Wiley himself has run the same cycle as his beloved mountains. In the beginning they were virginal, untouched, natural. But now they have become public characters—both the mountains and Wiley—before the curious eyes of a million people a year.

Maybe they have both been changed a little by it; a little professionalism has come to them both. But that’s all right. For what good would the Smokies be, or Wiley Oakley either, if they remained under a bushel?

SEES MUSEUM

One of the places a visitor to Gatlinburg must see is the Mountaineer Museum. This is a collection of some 2000 old-fashioned mountain articles, gathered by Edna Lynn Simms.

Mrs. Simms came from Knoxville 24 years ago. She herself roamed the mountains long before the tourists came. She picked up articles, and lore, and the language of the hills. She has a bubbling enthusiasm for everything she sees or hears, an enthusiasm that has not begun to simmer down even after 24 years of mountain discovery.

Mrs. Simms’ museum is the best collection of mountain stuff in the Smokies.
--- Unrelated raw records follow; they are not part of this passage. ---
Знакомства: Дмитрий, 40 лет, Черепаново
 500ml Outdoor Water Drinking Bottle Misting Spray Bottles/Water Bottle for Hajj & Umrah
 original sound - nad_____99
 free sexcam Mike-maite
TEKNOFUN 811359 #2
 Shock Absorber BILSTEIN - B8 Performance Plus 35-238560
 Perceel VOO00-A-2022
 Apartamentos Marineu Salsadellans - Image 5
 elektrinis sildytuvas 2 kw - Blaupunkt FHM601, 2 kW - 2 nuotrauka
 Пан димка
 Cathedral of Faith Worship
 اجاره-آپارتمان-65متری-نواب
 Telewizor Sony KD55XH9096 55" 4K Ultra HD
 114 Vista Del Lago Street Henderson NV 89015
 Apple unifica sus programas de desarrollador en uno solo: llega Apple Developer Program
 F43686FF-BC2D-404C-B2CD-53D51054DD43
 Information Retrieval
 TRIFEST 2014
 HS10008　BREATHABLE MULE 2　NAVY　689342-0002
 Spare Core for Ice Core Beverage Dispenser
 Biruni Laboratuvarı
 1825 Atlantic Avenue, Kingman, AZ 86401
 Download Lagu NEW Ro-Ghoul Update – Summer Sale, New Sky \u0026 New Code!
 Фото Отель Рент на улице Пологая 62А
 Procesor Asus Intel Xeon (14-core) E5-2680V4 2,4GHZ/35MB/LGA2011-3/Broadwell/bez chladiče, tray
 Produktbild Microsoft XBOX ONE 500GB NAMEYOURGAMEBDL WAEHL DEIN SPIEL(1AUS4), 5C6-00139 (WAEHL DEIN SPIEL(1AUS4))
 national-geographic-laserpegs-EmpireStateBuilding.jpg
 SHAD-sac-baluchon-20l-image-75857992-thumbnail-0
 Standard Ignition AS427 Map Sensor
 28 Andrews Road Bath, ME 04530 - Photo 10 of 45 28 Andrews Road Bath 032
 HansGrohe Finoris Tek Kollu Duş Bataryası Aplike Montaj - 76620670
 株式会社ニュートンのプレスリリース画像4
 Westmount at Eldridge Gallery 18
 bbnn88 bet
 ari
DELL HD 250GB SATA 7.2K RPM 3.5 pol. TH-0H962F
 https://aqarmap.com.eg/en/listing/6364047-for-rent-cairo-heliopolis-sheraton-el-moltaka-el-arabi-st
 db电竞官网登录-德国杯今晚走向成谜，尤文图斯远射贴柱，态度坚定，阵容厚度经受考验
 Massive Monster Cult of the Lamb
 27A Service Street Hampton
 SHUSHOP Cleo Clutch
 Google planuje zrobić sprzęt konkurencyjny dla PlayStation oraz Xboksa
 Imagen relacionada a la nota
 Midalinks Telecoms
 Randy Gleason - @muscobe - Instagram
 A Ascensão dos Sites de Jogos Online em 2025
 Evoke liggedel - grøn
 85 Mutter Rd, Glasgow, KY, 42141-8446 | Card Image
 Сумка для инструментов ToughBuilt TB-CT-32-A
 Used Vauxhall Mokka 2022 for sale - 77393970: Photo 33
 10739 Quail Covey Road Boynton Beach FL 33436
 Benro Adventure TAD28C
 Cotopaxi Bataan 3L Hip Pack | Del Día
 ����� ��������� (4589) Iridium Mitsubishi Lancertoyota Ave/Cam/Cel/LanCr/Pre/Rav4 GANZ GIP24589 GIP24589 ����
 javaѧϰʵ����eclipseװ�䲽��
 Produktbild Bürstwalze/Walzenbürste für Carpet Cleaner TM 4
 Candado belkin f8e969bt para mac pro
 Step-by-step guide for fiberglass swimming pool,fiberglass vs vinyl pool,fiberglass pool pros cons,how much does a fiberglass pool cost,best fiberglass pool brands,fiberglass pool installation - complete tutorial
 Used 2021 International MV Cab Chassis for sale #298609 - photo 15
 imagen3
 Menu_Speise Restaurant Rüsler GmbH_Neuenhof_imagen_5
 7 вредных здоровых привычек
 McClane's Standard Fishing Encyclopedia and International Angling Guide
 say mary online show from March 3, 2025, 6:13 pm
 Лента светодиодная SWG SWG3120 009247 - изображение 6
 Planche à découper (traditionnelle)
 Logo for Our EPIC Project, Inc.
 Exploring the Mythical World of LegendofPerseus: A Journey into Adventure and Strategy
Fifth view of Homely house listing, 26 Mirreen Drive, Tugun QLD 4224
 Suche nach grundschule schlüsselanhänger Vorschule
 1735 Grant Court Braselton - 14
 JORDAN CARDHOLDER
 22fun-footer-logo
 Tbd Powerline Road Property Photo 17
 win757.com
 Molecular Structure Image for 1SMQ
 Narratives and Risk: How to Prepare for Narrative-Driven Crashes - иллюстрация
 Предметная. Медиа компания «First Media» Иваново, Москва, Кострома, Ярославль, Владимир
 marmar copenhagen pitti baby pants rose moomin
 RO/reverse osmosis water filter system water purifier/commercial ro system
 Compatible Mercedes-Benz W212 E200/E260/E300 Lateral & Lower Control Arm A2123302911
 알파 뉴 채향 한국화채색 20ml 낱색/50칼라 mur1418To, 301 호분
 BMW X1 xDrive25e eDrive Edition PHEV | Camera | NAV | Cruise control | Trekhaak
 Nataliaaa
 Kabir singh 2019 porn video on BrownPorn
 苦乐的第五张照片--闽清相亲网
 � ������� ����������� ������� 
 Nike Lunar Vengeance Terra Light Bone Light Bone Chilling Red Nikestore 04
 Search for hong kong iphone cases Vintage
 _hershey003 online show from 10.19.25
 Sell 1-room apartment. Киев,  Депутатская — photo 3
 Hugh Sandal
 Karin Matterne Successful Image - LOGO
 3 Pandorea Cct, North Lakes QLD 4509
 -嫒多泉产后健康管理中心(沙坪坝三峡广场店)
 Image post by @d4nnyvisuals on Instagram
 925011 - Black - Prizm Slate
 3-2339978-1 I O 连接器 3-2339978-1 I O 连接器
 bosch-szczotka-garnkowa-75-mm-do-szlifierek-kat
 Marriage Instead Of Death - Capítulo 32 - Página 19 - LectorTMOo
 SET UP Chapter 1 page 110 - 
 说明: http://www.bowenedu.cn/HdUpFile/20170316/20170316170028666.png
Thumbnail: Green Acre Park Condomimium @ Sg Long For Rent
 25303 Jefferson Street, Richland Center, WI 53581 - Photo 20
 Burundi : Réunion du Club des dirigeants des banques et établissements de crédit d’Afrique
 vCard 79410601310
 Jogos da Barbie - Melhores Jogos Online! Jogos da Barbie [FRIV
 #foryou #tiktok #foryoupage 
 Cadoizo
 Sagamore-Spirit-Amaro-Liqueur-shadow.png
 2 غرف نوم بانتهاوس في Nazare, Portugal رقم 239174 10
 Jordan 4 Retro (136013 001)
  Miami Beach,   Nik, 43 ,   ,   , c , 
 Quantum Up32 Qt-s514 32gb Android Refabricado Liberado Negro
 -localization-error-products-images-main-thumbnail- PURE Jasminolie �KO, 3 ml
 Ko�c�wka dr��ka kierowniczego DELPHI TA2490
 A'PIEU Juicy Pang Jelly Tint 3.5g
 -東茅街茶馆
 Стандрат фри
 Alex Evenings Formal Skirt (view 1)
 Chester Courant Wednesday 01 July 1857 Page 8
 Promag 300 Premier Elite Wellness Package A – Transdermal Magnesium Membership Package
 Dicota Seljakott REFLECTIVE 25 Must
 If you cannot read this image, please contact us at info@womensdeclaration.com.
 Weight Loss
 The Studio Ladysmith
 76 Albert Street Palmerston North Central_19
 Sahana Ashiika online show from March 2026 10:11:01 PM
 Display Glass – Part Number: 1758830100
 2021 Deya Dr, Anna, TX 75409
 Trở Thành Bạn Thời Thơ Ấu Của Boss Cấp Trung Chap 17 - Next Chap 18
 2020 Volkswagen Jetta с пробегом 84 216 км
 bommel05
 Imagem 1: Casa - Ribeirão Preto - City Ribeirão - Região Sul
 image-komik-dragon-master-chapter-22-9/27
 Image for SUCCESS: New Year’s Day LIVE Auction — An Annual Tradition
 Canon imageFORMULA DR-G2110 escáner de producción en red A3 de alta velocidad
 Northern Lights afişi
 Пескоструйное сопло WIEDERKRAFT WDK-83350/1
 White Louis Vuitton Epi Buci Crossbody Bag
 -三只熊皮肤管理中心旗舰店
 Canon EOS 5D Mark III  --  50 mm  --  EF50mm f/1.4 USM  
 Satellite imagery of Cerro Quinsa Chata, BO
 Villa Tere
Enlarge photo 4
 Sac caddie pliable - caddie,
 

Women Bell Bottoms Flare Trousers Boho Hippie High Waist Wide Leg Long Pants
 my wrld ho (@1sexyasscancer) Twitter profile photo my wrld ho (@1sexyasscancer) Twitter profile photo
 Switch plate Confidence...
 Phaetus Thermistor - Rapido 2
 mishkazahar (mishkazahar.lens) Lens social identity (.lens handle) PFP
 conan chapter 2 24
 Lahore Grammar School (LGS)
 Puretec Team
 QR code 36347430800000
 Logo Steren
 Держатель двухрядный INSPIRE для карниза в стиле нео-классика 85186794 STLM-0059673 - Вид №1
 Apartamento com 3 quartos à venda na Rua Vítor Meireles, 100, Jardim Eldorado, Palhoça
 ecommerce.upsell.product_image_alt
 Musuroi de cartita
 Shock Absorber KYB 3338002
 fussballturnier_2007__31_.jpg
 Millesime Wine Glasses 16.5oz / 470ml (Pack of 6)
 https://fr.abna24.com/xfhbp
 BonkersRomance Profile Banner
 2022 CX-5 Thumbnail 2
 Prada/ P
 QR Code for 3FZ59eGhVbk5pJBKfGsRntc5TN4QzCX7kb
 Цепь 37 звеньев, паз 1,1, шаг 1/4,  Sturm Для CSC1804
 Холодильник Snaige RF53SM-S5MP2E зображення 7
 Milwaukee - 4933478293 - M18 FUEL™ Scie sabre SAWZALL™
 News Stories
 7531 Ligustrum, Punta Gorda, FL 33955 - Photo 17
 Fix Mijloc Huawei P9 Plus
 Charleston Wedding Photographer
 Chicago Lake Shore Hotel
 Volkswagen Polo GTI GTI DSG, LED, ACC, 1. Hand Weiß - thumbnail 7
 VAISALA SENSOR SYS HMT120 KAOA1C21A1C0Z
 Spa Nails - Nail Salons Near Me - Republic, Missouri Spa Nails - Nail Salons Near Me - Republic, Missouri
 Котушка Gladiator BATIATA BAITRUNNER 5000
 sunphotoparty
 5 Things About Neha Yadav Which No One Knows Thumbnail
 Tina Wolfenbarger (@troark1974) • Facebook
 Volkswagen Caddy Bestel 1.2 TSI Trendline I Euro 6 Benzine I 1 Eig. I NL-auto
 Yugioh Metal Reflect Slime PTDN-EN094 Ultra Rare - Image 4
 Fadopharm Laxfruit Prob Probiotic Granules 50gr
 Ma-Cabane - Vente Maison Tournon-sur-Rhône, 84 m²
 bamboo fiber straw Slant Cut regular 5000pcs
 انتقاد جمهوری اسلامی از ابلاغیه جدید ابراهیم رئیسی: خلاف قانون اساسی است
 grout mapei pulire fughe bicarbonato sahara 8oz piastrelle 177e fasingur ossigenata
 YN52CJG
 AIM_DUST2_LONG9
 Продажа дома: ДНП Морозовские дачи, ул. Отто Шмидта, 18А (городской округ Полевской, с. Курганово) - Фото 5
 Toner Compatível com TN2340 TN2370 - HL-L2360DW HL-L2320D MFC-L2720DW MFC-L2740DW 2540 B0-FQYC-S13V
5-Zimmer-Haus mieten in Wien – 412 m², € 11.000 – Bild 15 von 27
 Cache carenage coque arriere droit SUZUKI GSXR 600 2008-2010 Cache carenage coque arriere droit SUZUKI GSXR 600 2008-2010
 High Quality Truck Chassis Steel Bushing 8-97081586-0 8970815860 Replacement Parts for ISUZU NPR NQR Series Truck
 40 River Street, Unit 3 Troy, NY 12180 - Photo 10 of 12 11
And in her own head is one of the finest collections of mountain speech and legend. Why, she has quoted so long that she talks like a mountain woman herself.

GATLINBURG, Tenn., Nov. 5, 1940—

This, I’m sure you will be relieved to know, is the last of the columns on the Great Smoky Mountains National Park.

This is the biggest and best known National Park east of the Mississippi. Its mountain mass is the highest in the East; its people are as picturesque as any left in America.